3Gネットワークは正直言ってドキドキ−−宮川潤一 ソフトバンクモバイル取締役専務執行役CTO
--データ定額5985円という料金は「ソフトバンクは安い」というイメージから離れているように感じます。
確かに音声中心のユーザーからは高く見えるでしょうが、法人やよく使う人から見れば、ドコモのデータ定額が同じ5985円なので高くは感じないと思います。
携帯電話とは別にパソコンで使うデータカードを契約している法人ユーザーにとっては、むしろアイフォーン一つで事足りるわけで、そうとう安く感じるかもしれません。
--アイフォーンを機に法人ビジネスの拡大も狙えます。
法人向けも最初から対象に考えていますよ。
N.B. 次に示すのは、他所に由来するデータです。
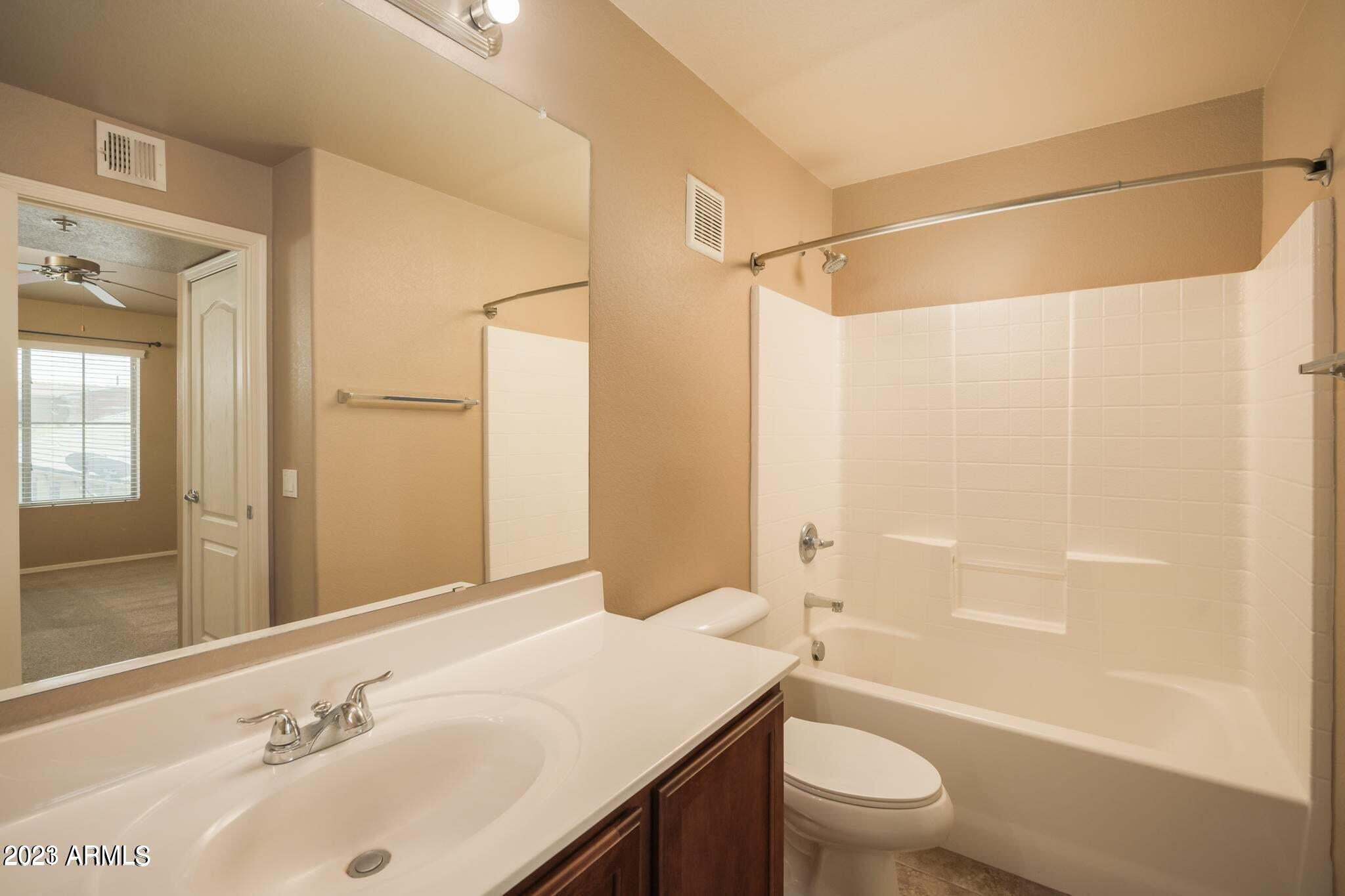 2401 E RIO SALADO Parkway Unit: 1087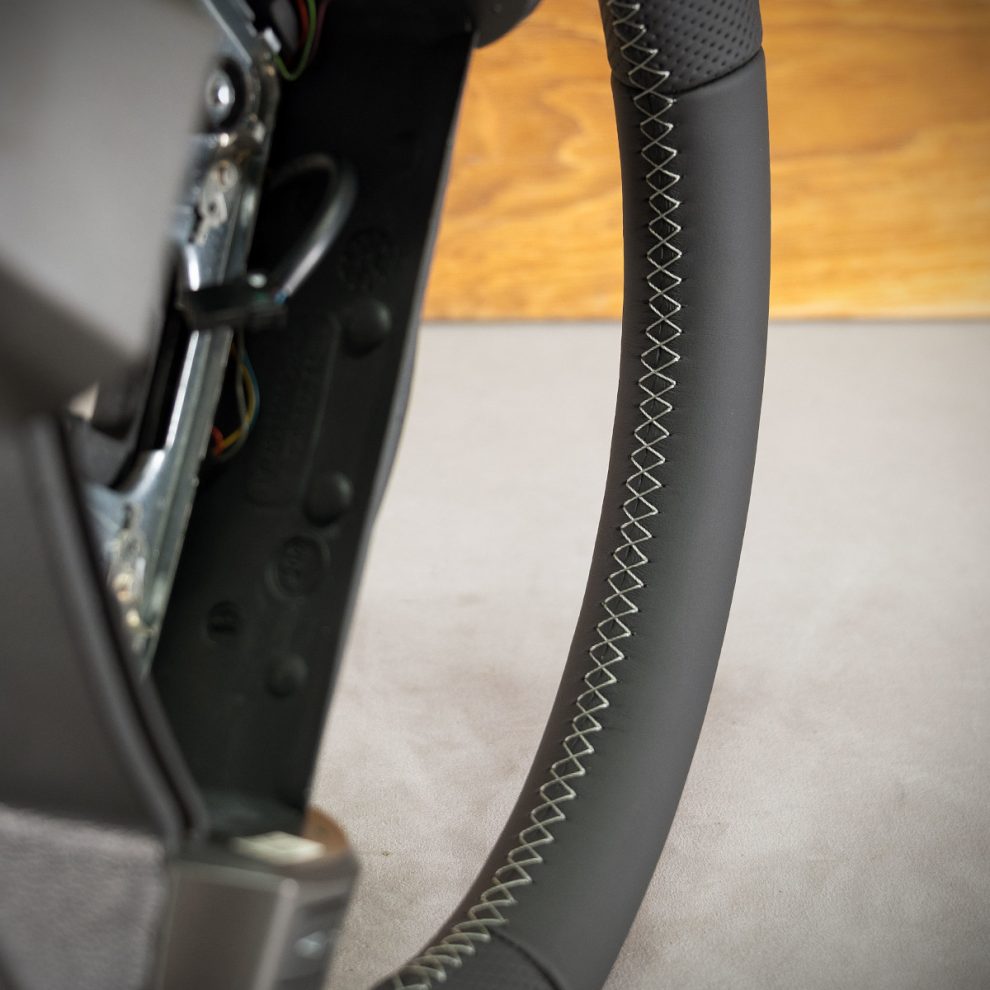 Modyfikacja i obszycie kierownicy Opel Signum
でも、玉(端末)が少ないので言い切れない。少なくともソフトバンクでは、部長以上にシャープ製のインターネットマシン携帯を持たせていますが、今後はアイフォーンに切り替えます。初期出荷が落ち着いたタイミングで全社員を対象にした特別購入プログラムも用意し、アイフォーンをどんどん使ってもらう。
--3Gのネットワークがパンクする心配はないですか。
そりゃ不安ですよ。一機種がもたらす通信量としては莫大。ソフトバンクがパソコン用のデータカードをやらない理由は、データカードのパケット負荷が通常の端末の20倍以上あるから。100万枚データカードが出ると、2000万の携帯電話ユーザーと同じくらいのネットワークキャパシティを用意しないといけない。
ライバルが定額料金でデータカードを始めたとき、「ソフトバンクはすぐについてくるはず。そうしたらやつらは崩壊する」と読んでいたらしい。彼らの分析も正しいし(笑)、僕も錯覚はしていない。
結論を言えば、アイフォーン導入に向けて準備をしてきたので大丈夫。でも、実際の動向を見てみないと正直ドキドキですよ。自宅でWi‐Fi(無線LAN)経由でつないでくれる人が、5%いるのか10%いるのか。ヘビーユーザーが少しでもそうしてくれるとかなり楽になる。発売後2週間は特別体制でネットワークの状況を見続けます。
--無線LAN接続を推奨していく必要がある、と。
僕が管理している投資を削ってでもいいから、アイフォーン購入者には無線LANルーターを1個ずつプレゼントしたいと思っているくらい。自宅ではぜひ無線LANでつないでほしい。You Tubeやナビなどは、3Gネットワークよりもサクサク動きますから。
アイフォーンは、通信キャリアとユーザーさんの共同事業。もし3Gネットワークが集中的に使われるようであれば増強投資が必要になるので、どうしてもサービス対価が上がってくる。僕らとしてもそうした事情をオープンにしたいと思っていて、すでに音声では、ホワイトプランでわかりやすく提示したつもり。「この時間帯はあまり使わないので好き放題しゃべってくれ。この時間帯は重たいので課金させてもらう」と、通信キャリアの構造を説明している。
ユーザーさんとの信頼関係が深くなって、仮に家で無線LAN経由にしてくれる人が半分いたら、料金は半額にできる。ユーザーとキャリアが共存できるような使い方をしてくれたら世の中は変わると思うし、逆にガンガン3Gに負荷を与えられたとしたら、音を上げるかもしれない。